B. Summary of Evidence

        In the midst of the Cold War, the power of the Communist Party of the Soviet Union (CPSU) dominated many aspects of society, such as the appointments of government officials as well as economic enterprises. However, by the early 1980s, central control of the economy under Party officials led to a drop in the standard of living and a deteriorating economy. After years of inefficiency and corruption, shortages of many types of goods and supplies began to appear and plague the country. Party officials became wealthier, and few relief efforts were executed to reconstruct the system where only a select few were granted administrative positions through the approval of the Communist Party. Newly-appointed General Secretary Mikhail Gorbachev sought to reform this nomenklatura system and the Soviet economy. Gorbachev also worked to establish international goodwill and a reduction in Cold War hostility, but April 26, 1986 sparked a new challenge to the Soviet government and to the General Secretary.

           The explosion of reactor number four at the Chernobyl power plant, located in the town of Pripyat, interrupted Gorbachev’s campaign.
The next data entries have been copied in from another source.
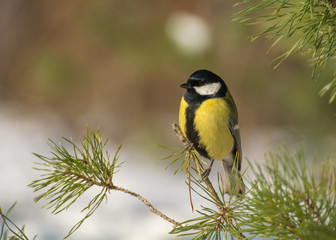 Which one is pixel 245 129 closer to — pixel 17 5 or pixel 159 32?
pixel 159 32

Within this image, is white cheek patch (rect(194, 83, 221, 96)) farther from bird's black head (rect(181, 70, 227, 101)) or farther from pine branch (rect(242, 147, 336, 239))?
pine branch (rect(242, 147, 336, 239))

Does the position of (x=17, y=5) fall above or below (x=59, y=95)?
above

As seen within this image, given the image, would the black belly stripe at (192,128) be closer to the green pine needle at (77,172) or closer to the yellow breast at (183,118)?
the yellow breast at (183,118)

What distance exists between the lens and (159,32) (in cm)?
269

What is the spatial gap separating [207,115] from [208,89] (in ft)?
0.25

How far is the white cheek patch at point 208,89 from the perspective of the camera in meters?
1.22

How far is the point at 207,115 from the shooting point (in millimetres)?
1193

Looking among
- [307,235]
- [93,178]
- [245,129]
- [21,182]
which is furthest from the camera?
[245,129]

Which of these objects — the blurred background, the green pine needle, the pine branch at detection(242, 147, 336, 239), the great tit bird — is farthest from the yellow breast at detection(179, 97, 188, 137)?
the blurred background

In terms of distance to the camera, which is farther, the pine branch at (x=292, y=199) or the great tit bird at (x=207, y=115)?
the great tit bird at (x=207, y=115)

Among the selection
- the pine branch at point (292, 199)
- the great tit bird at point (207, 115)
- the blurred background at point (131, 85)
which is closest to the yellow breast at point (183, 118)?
the great tit bird at point (207, 115)

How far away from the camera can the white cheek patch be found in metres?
1.22

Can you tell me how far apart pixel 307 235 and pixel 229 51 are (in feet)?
7.55

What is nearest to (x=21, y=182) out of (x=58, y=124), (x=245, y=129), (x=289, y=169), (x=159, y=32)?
(x=58, y=124) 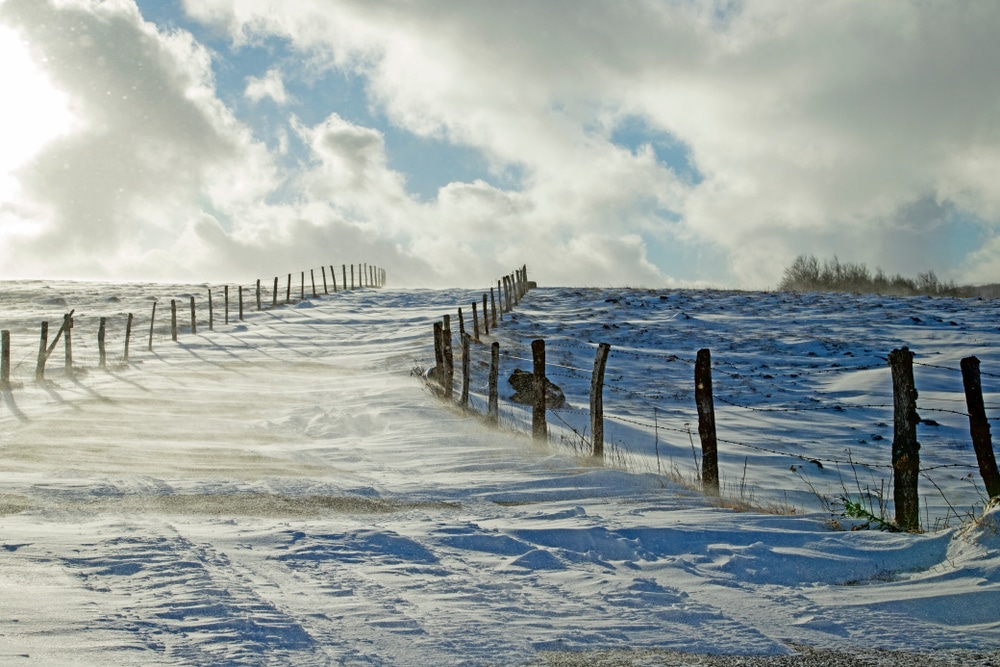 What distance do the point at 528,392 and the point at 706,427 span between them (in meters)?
9.16

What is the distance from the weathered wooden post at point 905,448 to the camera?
21.6ft

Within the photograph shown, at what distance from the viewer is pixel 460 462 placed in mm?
9188

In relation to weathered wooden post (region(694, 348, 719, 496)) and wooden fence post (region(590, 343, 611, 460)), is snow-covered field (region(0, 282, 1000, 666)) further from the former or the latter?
weathered wooden post (region(694, 348, 719, 496))

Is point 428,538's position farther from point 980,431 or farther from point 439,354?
point 439,354

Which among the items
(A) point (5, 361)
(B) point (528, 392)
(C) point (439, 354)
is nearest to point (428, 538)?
(B) point (528, 392)

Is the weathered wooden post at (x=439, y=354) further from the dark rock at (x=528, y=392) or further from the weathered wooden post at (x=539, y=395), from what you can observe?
the weathered wooden post at (x=539, y=395)

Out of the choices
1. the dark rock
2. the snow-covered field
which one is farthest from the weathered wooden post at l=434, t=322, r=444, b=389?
the dark rock

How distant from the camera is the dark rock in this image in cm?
1641

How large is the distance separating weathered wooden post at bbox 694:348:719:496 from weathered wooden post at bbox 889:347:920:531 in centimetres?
175

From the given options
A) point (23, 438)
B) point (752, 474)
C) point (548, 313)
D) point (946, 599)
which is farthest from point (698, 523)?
point (548, 313)

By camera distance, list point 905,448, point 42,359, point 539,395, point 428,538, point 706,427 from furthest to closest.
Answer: point 42,359, point 539,395, point 706,427, point 905,448, point 428,538

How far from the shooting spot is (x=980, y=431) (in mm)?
6586

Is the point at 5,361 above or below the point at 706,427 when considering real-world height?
above

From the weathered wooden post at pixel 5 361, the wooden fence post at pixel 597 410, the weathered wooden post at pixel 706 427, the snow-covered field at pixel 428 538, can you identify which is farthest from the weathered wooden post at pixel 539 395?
the weathered wooden post at pixel 5 361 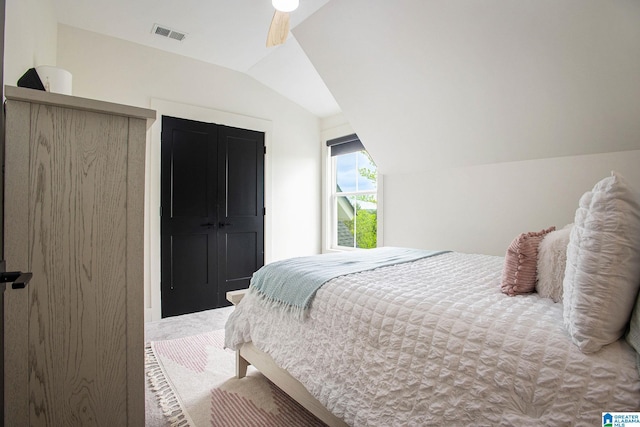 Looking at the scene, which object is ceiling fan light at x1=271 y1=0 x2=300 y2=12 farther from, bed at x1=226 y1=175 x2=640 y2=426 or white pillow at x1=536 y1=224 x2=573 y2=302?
white pillow at x1=536 y1=224 x2=573 y2=302

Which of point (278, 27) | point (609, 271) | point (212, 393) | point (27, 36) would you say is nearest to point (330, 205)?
point (278, 27)

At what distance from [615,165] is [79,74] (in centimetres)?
425

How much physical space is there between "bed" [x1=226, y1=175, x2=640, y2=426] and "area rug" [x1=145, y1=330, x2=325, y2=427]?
18cm

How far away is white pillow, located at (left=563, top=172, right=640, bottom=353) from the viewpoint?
857 mm

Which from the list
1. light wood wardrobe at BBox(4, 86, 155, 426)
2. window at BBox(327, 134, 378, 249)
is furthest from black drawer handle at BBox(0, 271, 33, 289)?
window at BBox(327, 134, 378, 249)

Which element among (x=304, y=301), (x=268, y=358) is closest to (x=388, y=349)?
(x=304, y=301)

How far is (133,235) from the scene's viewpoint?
2.99 feet

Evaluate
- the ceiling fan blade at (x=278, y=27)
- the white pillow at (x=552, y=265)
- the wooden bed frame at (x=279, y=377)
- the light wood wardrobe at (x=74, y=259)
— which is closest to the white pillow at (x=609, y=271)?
the white pillow at (x=552, y=265)

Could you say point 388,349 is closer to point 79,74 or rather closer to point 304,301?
point 304,301

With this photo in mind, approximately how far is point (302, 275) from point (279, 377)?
56 centimetres

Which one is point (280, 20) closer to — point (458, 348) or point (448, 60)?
point (448, 60)

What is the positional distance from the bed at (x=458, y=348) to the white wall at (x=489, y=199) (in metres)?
1.12

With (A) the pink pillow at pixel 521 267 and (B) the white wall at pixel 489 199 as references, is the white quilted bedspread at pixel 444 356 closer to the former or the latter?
(A) the pink pillow at pixel 521 267

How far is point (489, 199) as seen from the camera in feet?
9.18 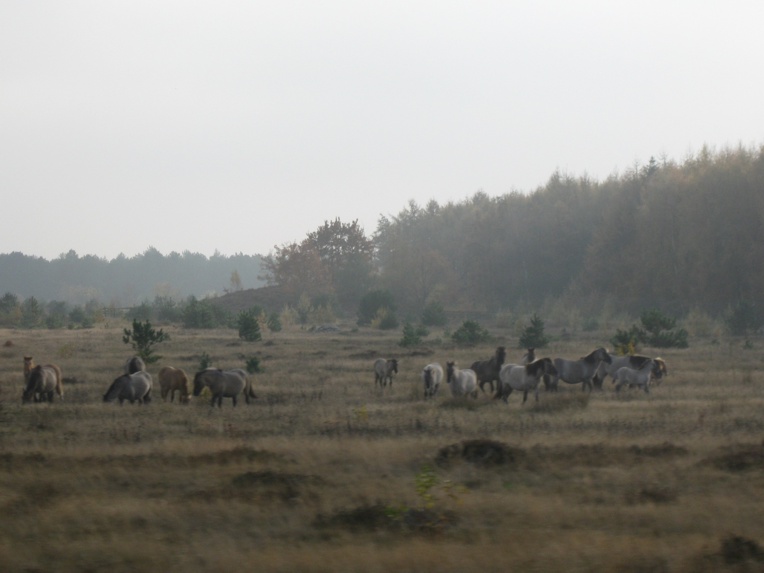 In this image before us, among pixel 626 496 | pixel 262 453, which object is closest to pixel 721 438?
pixel 626 496

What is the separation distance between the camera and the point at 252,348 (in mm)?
37156

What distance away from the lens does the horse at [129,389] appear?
18.4 metres

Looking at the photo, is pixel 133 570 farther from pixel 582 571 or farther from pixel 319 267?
pixel 319 267

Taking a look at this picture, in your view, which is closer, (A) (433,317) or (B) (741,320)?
(B) (741,320)

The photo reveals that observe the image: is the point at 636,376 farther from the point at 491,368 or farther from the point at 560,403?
the point at 560,403

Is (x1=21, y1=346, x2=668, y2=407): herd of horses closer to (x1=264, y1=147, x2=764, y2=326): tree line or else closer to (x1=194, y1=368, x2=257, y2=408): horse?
(x1=194, y1=368, x2=257, y2=408): horse

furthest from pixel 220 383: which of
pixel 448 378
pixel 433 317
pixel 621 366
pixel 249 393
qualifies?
pixel 433 317

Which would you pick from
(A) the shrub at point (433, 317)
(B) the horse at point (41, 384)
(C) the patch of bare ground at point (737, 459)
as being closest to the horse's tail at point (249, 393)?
(B) the horse at point (41, 384)

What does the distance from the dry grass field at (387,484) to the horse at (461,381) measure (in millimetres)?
939

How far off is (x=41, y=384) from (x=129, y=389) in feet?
6.17

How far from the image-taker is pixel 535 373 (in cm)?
1892

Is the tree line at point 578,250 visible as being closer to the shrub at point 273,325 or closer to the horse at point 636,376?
the shrub at point 273,325

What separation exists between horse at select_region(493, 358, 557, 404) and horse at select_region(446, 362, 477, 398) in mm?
675

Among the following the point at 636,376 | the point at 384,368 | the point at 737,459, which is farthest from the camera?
the point at 384,368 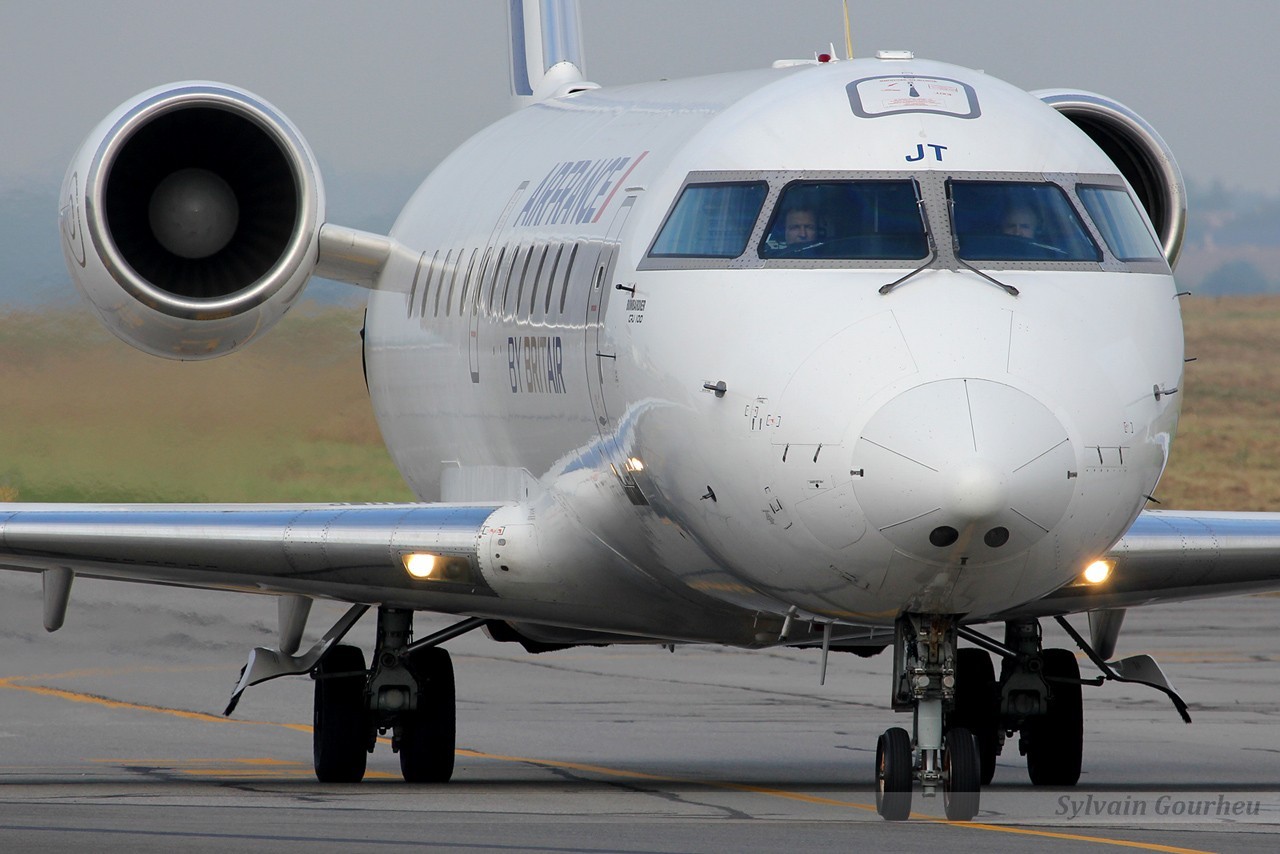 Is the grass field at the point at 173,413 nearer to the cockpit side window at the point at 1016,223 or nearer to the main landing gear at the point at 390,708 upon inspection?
the main landing gear at the point at 390,708

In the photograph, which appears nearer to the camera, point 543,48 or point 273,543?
point 273,543

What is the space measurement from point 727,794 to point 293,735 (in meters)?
5.71

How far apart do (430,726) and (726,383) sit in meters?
4.64

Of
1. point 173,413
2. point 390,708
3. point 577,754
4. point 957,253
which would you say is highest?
point 173,413

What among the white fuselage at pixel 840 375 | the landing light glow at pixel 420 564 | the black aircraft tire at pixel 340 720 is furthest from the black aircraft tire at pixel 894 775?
the black aircraft tire at pixel 340 720

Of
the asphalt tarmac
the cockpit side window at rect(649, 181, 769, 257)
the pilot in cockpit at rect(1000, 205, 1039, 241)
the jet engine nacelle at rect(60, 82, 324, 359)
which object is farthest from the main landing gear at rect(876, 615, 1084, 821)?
the jet engine nacelle at rect(60, 82, 324, 359)

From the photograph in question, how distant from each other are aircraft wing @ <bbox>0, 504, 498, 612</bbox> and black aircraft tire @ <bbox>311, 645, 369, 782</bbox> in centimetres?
89

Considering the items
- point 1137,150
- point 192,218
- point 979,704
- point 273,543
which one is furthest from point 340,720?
point 1137,150

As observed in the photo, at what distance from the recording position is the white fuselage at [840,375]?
9.30m

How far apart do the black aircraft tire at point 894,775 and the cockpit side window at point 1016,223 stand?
2068 millimetres

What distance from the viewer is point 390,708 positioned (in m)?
14.0

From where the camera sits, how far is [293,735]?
1761 centimetres

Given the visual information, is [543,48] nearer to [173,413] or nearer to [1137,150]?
[1137,150]

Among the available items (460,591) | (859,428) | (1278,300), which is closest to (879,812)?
(859,428) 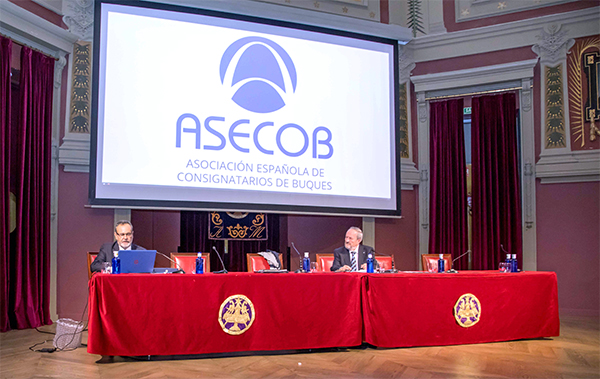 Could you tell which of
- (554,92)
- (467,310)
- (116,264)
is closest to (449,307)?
(467,310)

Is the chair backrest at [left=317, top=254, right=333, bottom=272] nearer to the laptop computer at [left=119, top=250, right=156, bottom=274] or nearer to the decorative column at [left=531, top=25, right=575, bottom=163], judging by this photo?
the laptop computer at [left=119, top=250, right=156, bottom=274]

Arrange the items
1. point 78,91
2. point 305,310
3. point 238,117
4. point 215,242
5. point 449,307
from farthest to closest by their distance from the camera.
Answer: point 215,242
point 78,91
point 238,117
point 449,307
point 305,310

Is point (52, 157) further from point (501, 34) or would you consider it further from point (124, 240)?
point (501, 34)

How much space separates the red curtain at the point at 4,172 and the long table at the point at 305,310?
2142 mm

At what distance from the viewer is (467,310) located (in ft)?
12.1

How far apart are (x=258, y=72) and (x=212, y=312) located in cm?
294

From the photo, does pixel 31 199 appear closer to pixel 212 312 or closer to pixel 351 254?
pixel 212 312

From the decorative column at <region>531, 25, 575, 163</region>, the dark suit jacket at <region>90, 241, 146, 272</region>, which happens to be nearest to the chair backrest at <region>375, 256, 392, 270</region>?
the dark suit jacket at <region>90, 241, 146, 272</region>

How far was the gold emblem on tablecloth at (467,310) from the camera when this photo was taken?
366cm

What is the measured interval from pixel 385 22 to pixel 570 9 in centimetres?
236

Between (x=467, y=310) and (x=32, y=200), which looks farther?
(x=32, y=200)

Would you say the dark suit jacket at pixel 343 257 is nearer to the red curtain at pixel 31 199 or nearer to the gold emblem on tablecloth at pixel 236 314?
the gold emblem on tablecloth at pixel 236 314

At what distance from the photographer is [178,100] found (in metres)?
4.91

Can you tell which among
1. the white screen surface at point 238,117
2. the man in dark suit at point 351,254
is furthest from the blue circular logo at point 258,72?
the man in dark suit at point 351,254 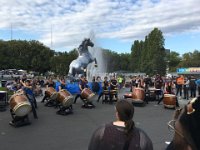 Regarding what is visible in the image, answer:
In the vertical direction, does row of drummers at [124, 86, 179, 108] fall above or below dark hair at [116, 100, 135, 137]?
below

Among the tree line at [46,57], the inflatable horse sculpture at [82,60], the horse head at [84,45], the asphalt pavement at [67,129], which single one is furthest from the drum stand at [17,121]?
the tree line at [46,57]

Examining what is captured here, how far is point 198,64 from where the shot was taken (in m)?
97.2

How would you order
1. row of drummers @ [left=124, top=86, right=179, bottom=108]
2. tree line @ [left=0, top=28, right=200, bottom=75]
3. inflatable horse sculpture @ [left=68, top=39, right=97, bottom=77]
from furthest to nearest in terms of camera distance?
tree line @ [left=0, top=28, right=200, bottom=75], inflatable horse sculpture @ [left=68, top=39, right=97, bottom=77], row of drummers @ [left=124, top=86, right=179, bottom=108]

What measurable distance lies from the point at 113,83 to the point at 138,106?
2510mm

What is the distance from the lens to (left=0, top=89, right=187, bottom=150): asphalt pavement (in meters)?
8.61

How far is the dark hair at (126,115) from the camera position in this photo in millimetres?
2758

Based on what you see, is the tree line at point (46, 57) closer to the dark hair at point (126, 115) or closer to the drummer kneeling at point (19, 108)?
the drummer kneeling at point (19, 108)

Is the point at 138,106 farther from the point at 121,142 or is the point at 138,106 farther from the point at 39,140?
the point at 121,142

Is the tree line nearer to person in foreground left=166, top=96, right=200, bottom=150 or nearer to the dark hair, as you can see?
the dark hair

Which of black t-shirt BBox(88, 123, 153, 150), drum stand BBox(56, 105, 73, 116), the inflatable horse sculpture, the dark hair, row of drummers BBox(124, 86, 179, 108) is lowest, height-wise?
drum stand BBox(56, 105, 73, 116)

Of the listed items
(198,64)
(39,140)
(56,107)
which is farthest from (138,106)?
(198,64)

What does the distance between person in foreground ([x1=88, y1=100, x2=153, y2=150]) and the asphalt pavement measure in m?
5.48

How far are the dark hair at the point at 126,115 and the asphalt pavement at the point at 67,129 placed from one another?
5.47 metres

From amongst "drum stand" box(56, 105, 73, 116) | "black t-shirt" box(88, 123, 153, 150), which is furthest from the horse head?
"black t-shirt" box(88, 123, 153, 150) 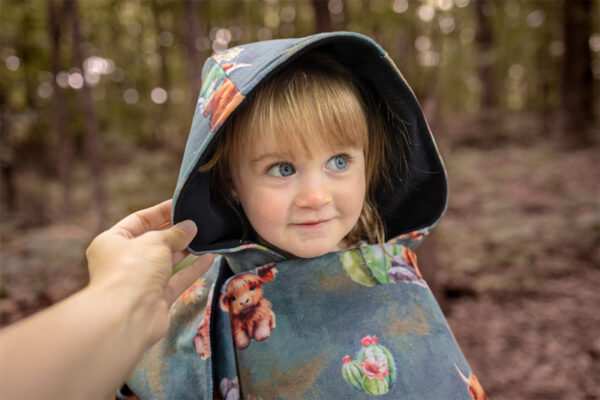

This incident kept the mistrust and hostility between the Soviet Union and the West. Calculated as the most severe in the history of the nuclear power industry, the Chernobyl Nuclear Disaster released large amounts of radionuclides over 40% of Europe and still resides in large areas of modern-day Belarus, Ukraine, and the Russian Federation. The explosion rated the highest, a seven, on the International Nuclear Event Scale and was only one of two accidents in history to do so. Even then, the second highest accident in 2011 at Fukushima released about 10 percent of the amount of reactivity released at this Soviet Union power plant.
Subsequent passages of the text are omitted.